# Singapore driving licence convert to australia driving licence



## Vinhnguyenvan19781983 (Jul 26, 2013)

Hi guys

Seek your advice on how to convert singapore driving licence to australia driving licence.

I am living in singapore now, but will be relocating to perth early next year. In order to save time when arriving australia, I intend to study and take singapore driving licence first, then when coming to au, i will not need to take it again and can drive at asap.

Can anyone help me confirm whether it works?


Thanks


----------



## Vinhnguyenvan19781983 (Jul 26, 2013)

Anyone can help?


----------



## sam_lloyd1881 (Jul 1, 2010)

Vinhnguyenvan19781983 said:


> Anyone can help?


Hey,

That's a brilliant idea, because i did the same thing too. =)

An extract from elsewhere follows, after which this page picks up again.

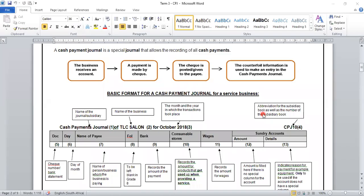Good day, learners. Welcome to your EMS lesson. Our topic for today is the Cash Payment Journal.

Yeap, if you have a Singapore License, you can convert easily to a WA License.
Just need to rock up to the Tranport Department with proof of Residency and some documents verifying your address, and ofcourse your SG driving license.


----------



## Vinhnguyenvan19781983 (Jul 26, 2013)

Hi Sam

You did it and it worked right? No need to re-take any test, just convert right?

It is great, save so much time for us. Are you in Perth now? How's Perth?


----------



## sam_lloyd1881 (Jul 1, 2010)

Hey there,

Yeah, when i came here in 2011, it was a immediate conversion, i didnt have to take any tests, either Written or Practical, but i did have to put on Probationary plates though. here is the link for Licenses in WA, i think it should still be the same;

Licensing


Yup, in Perth now. Its good! Summer is here, so apart from the heat and flies, its all good!


----------



## Vinhnguyenvan19781983 (Jul 26, 2013)

Thank you Sam. You are awesome!


----------